**The records**

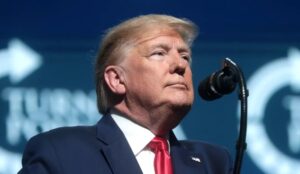 Trump ordonne l'arrêt du partage de renseignements avec l'Ukraine, selon le directeur de la CIA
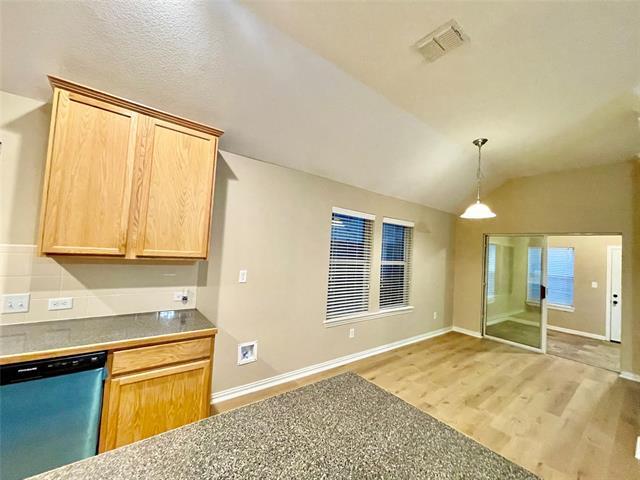 Building Photo - 1721 Flamingo Dr
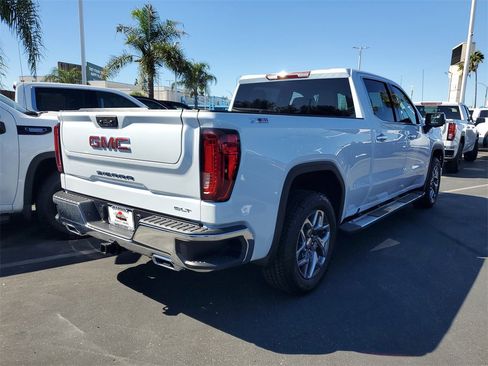 New 2026 GMC Sierra 1500 SLT w/ SLT Premium Package image 4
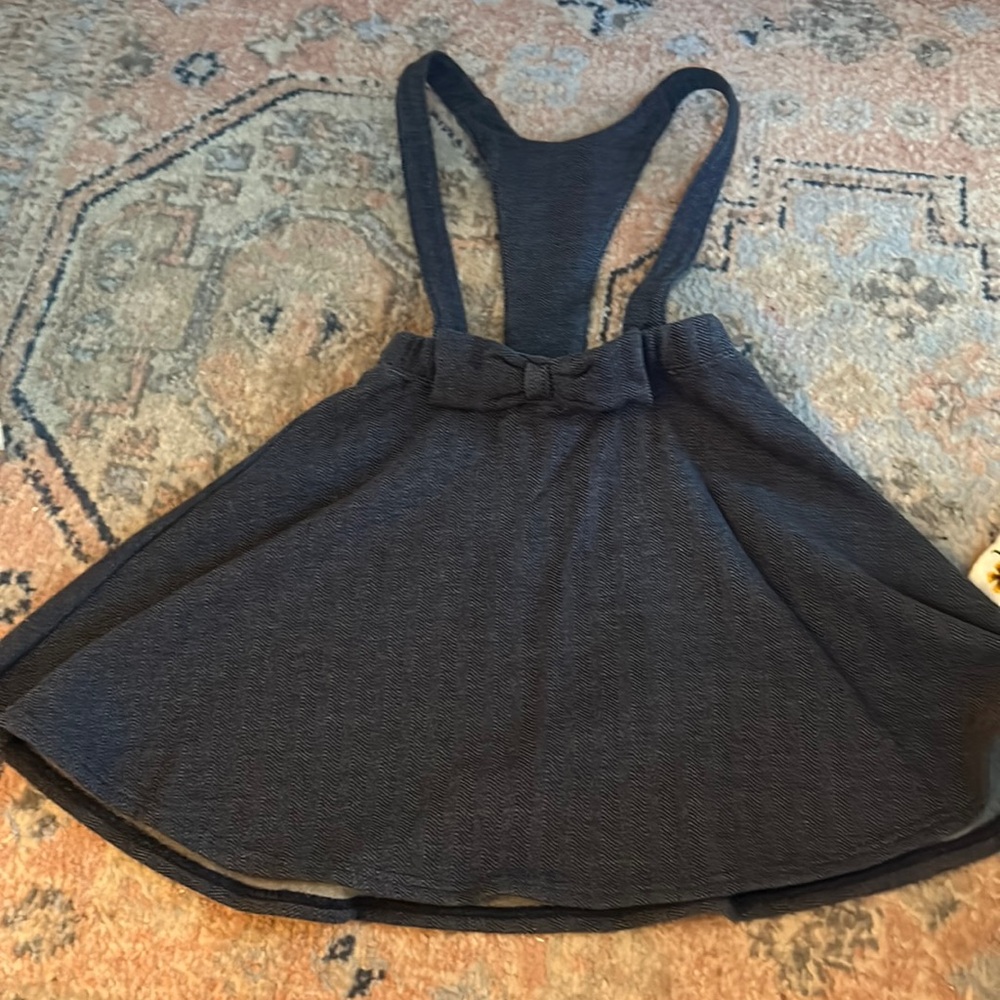 Hope and Henry's suspended skirt size 8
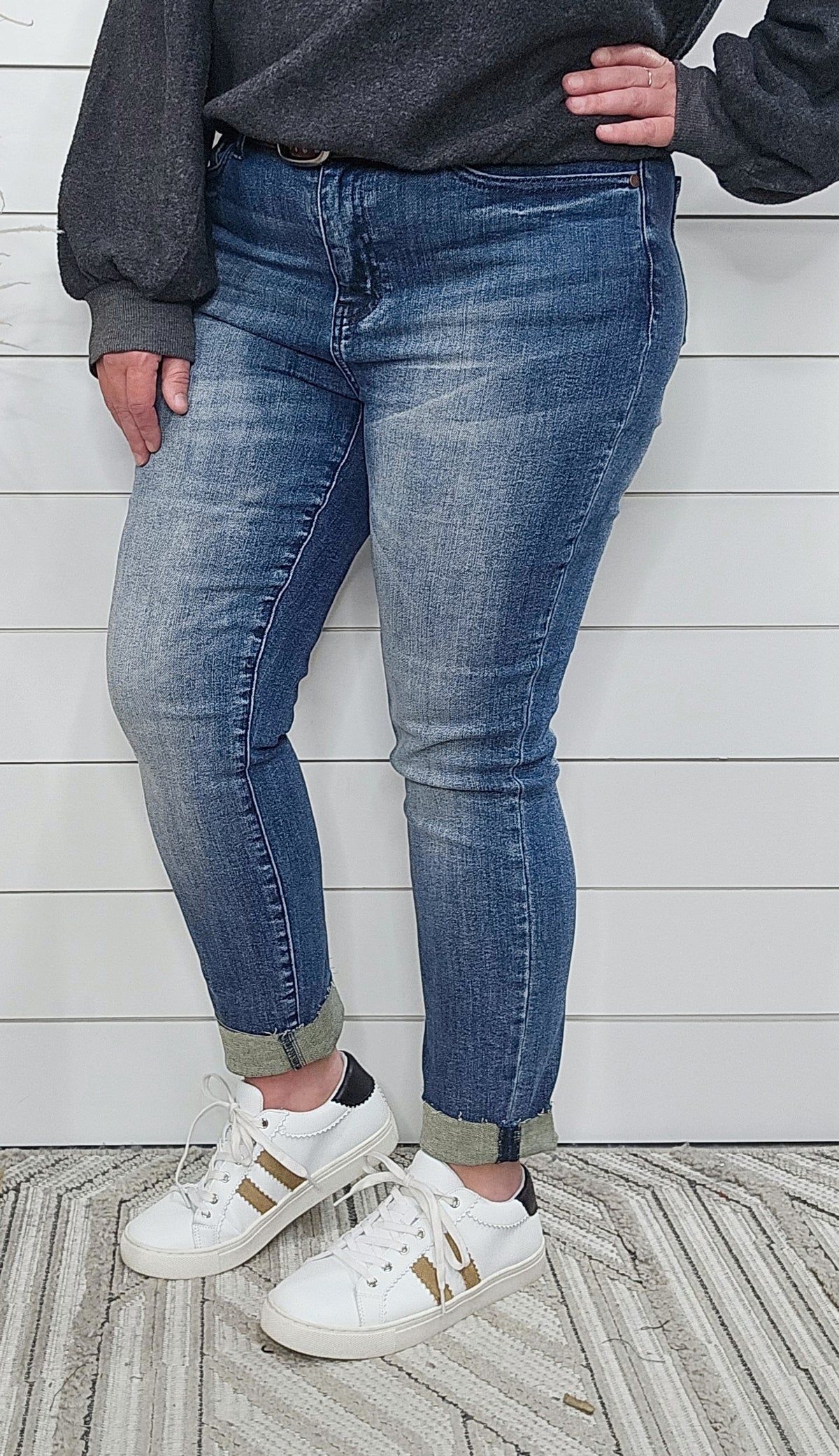 JUDY BLUE HIGH RISE RAW HEM RELAXED FIT JEANS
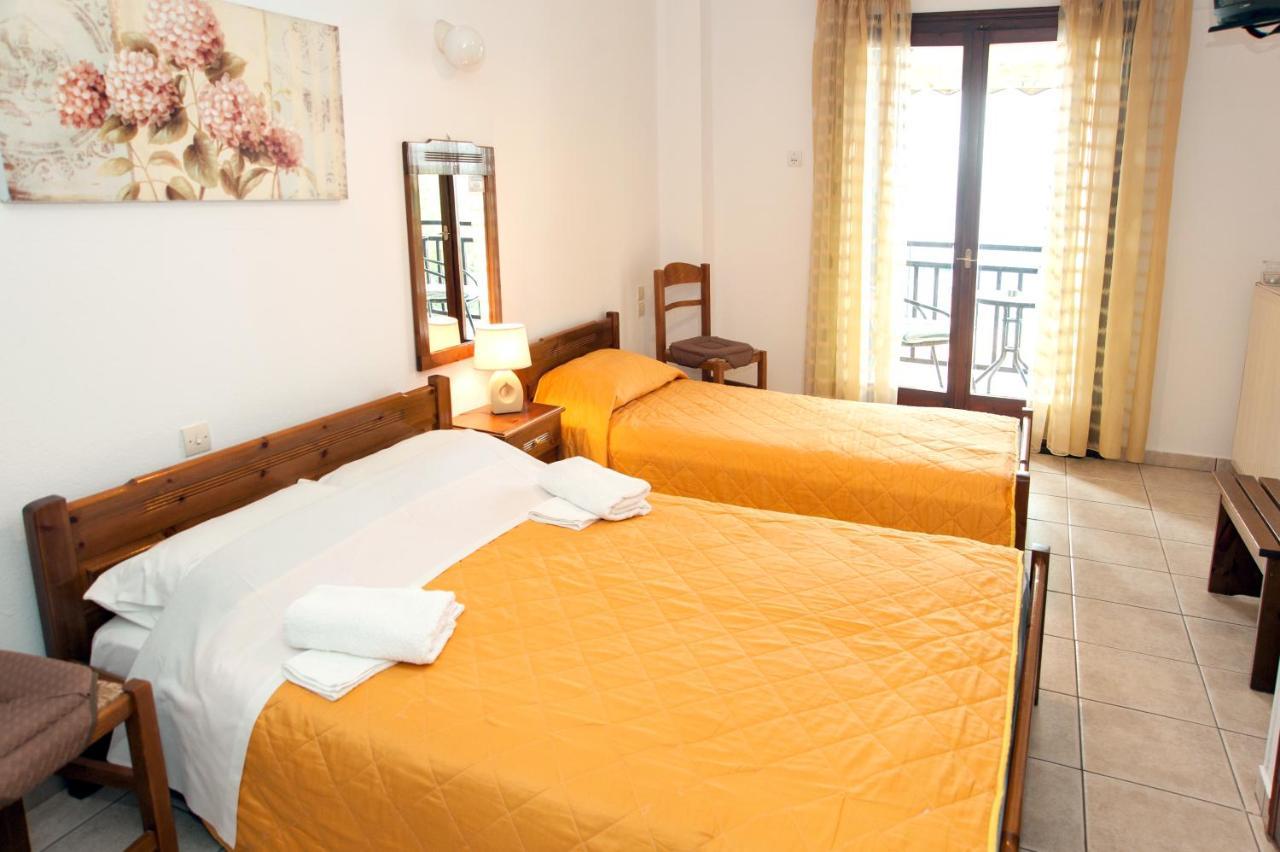 Hotel Platanidia Bagian luar foto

**Activity**
Once the pictures are set aside, write out each record exactly.

**Response to the exercise**
 Trump ordonne l'arrêt du partage de renseignements avec l'Ukraine, selon le directeur de la CIA
 Building Photo - 1721 Flamingo Dr
 New 2026 GMC Sierra 1500 SLT w/ SLT Premium Package image 4
 Hope and Henry's suspended skirt size 8
 JUDY BLUE HIGH RISE RAW HEM RELAXED FIT JEANS
 Hotel Platanidia Bagian luar foto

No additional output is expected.